**WHAT YOU ARE ASKED TO DO**
Transcribe each entry exactly; skip the images.
++++++++++++++++++++
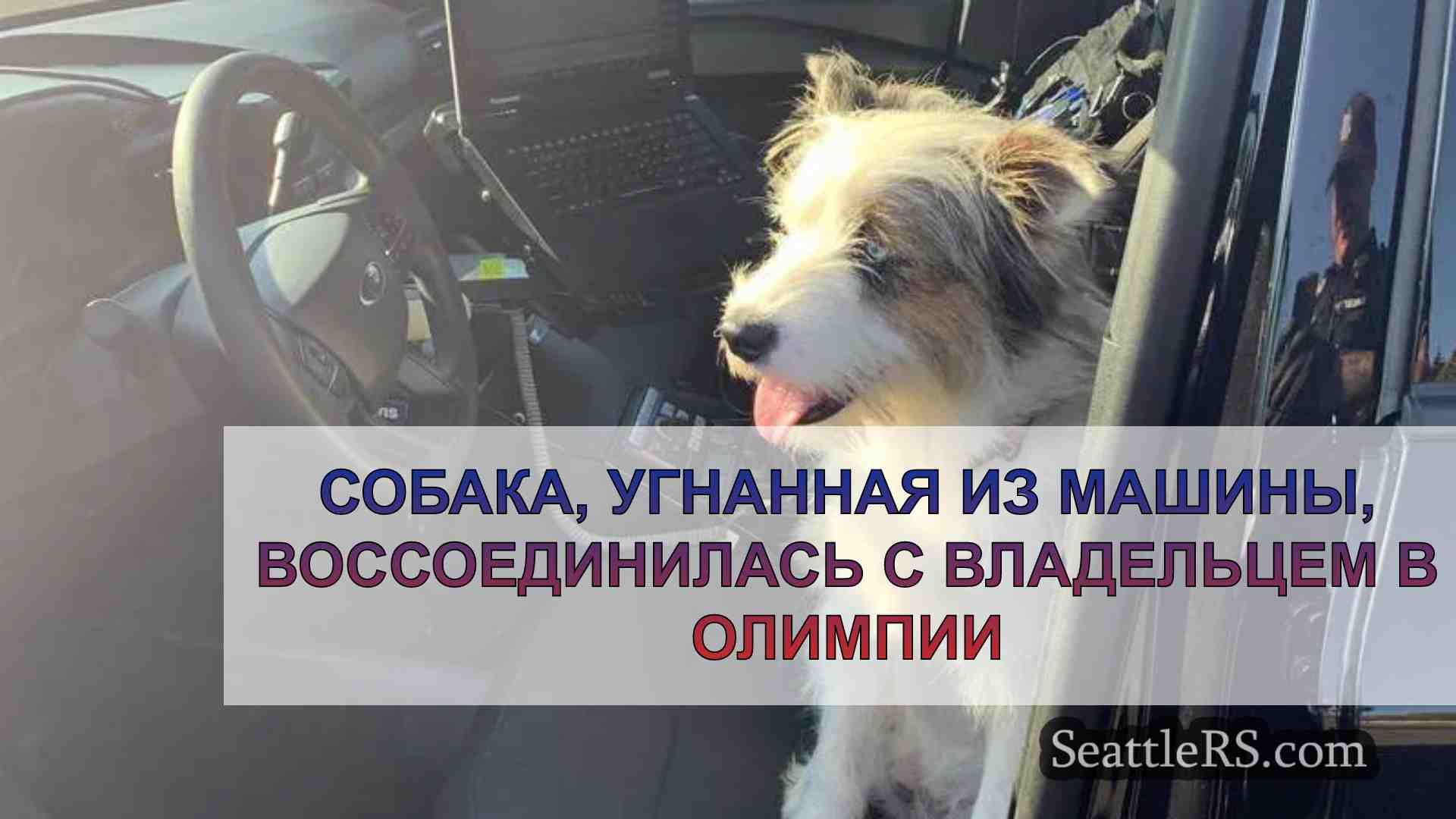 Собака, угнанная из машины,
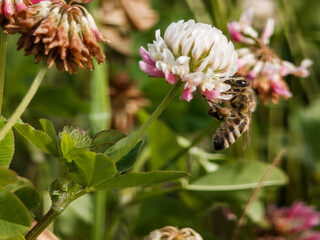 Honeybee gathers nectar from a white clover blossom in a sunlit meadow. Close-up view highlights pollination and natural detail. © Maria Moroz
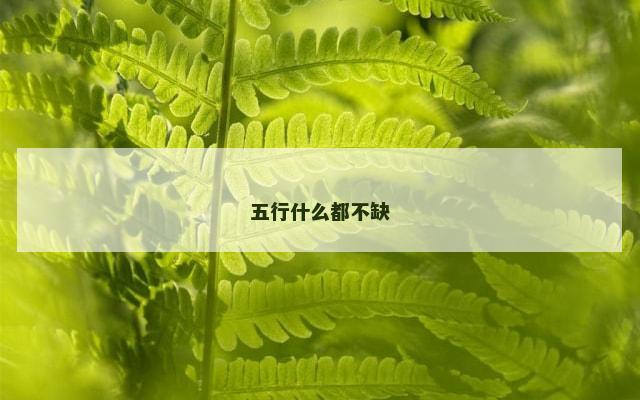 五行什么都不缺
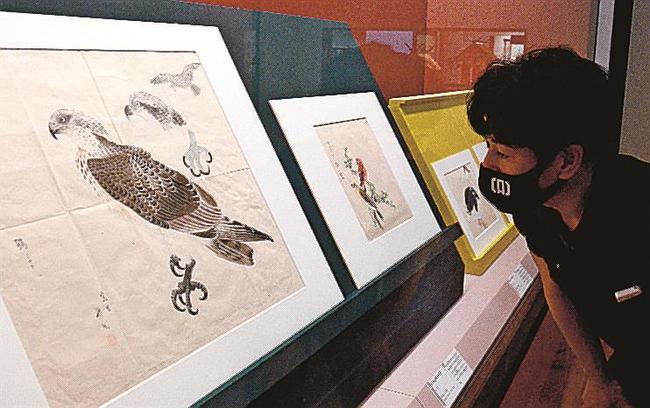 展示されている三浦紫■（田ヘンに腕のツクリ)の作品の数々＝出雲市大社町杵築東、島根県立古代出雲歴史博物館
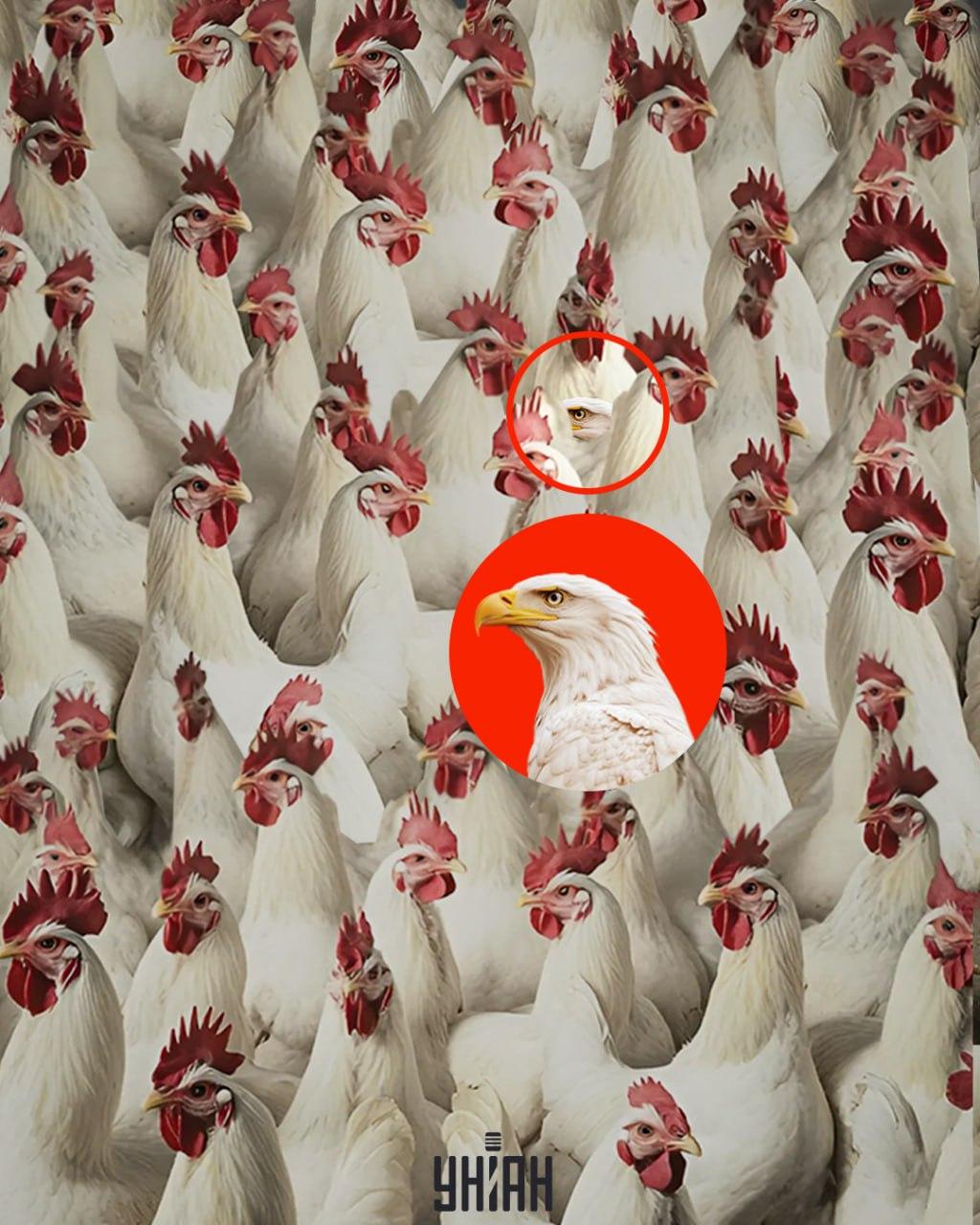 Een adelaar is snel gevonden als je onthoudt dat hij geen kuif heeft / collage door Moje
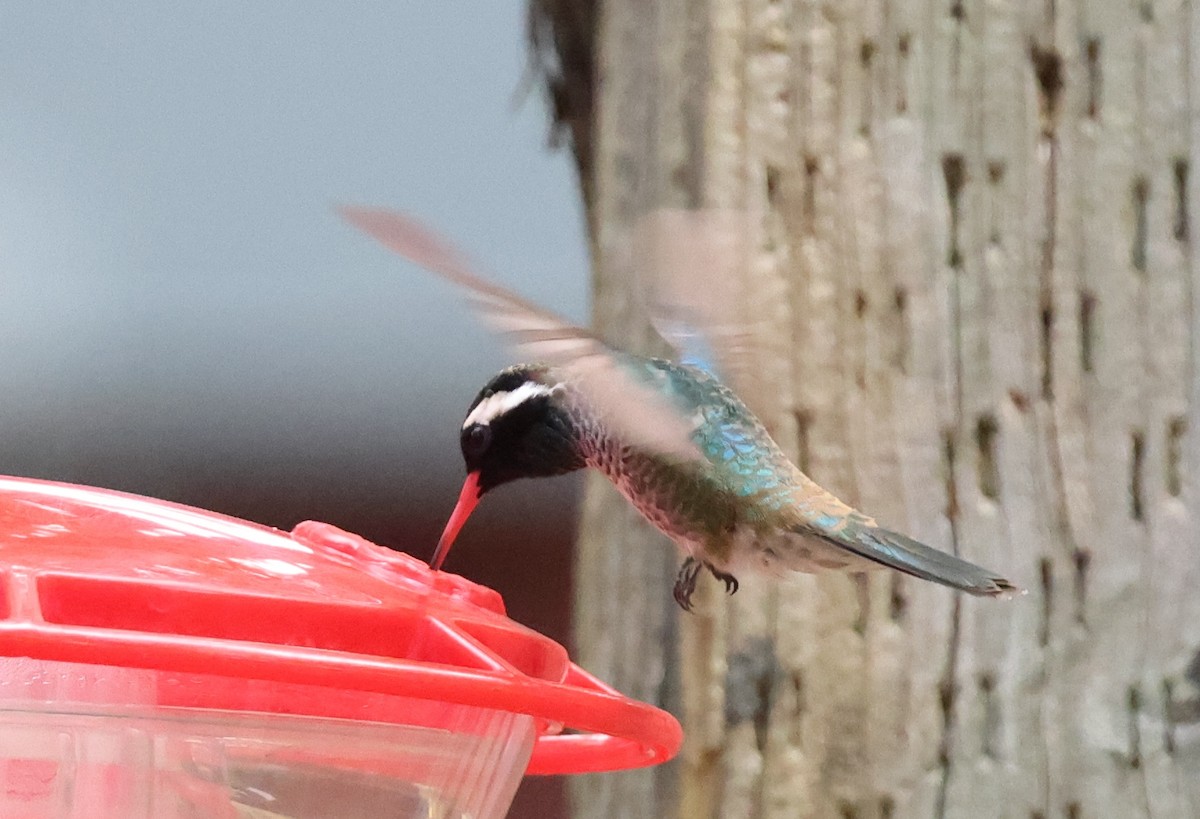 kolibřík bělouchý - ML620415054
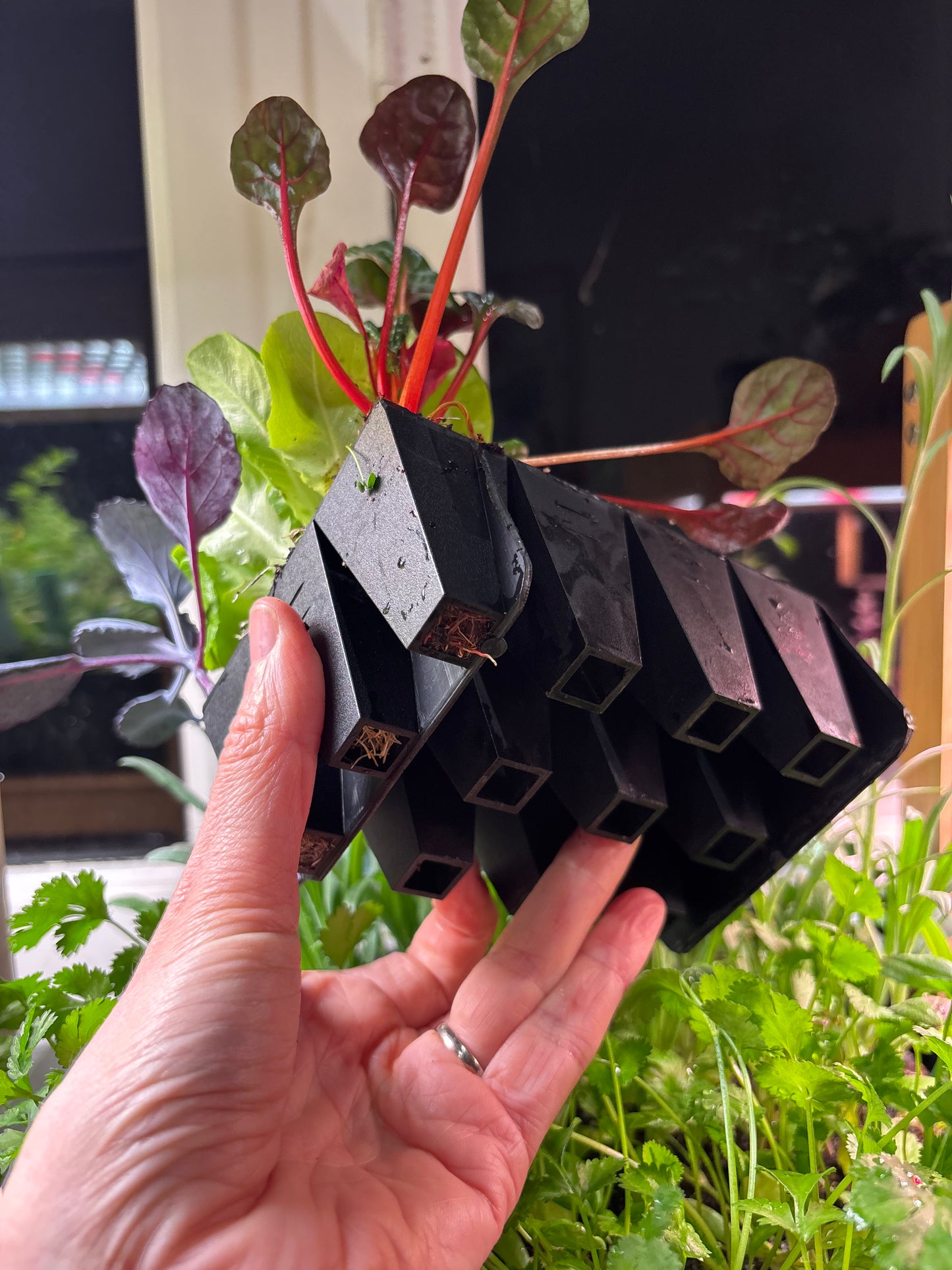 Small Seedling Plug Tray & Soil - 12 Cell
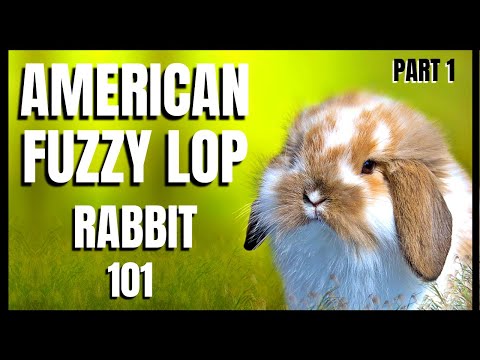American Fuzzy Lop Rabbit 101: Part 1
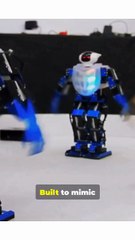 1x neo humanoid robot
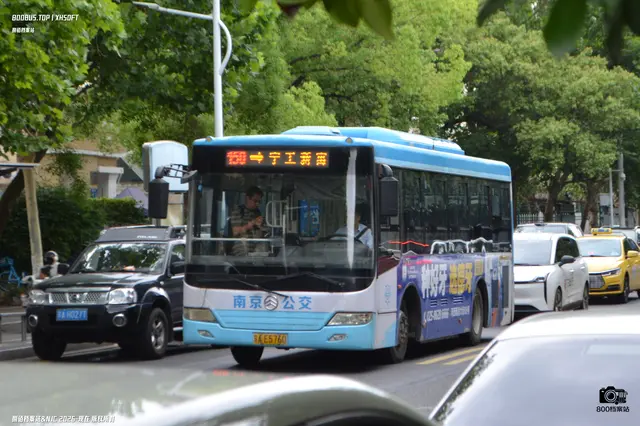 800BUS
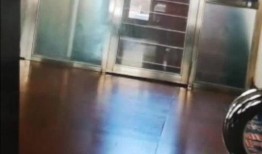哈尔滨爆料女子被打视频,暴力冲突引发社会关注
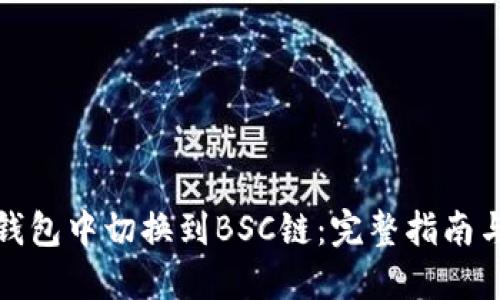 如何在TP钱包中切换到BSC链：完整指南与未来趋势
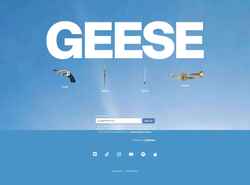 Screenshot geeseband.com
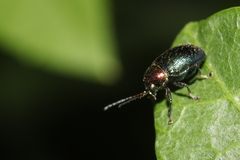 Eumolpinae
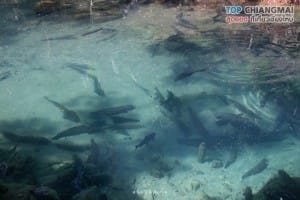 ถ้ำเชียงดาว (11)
++++++++++++++++++++
**TASK SOLUTION**
 Собака, угнанная из машины,
 Honeybee gathers nectar from a white clover blossom in a sunlit meadow. Close-up view highlights pollination and natural detail. © Maria Moroz
 五行什么都不缺
 展示されている三浦紫■（田ヘンに腕のツクリ)の作品の数々＝出雲市大社町杵築東、島根県立古代出雲歴史博物館
 Een adelaar is snel gevonden als je onthoudt dat hij geen kuif heeft / collage door Moje
 kolibřík bělouchý - ML620415054
 Small Seedling Plug Tray & Soil - 12 Cell
American Fuzzy Lop Rabbit 101: Part 1
 1x neo humanoid robot
 800BUS
哈尔滨爆料女子被打视频,暴力冲突引发社会关注
 如何在TP钱包中切换到BSC链：完整指南与未来趋势
 Screenshot geeseband.com
 Eumolpinae
 ถ้ำเชียงดาว (11)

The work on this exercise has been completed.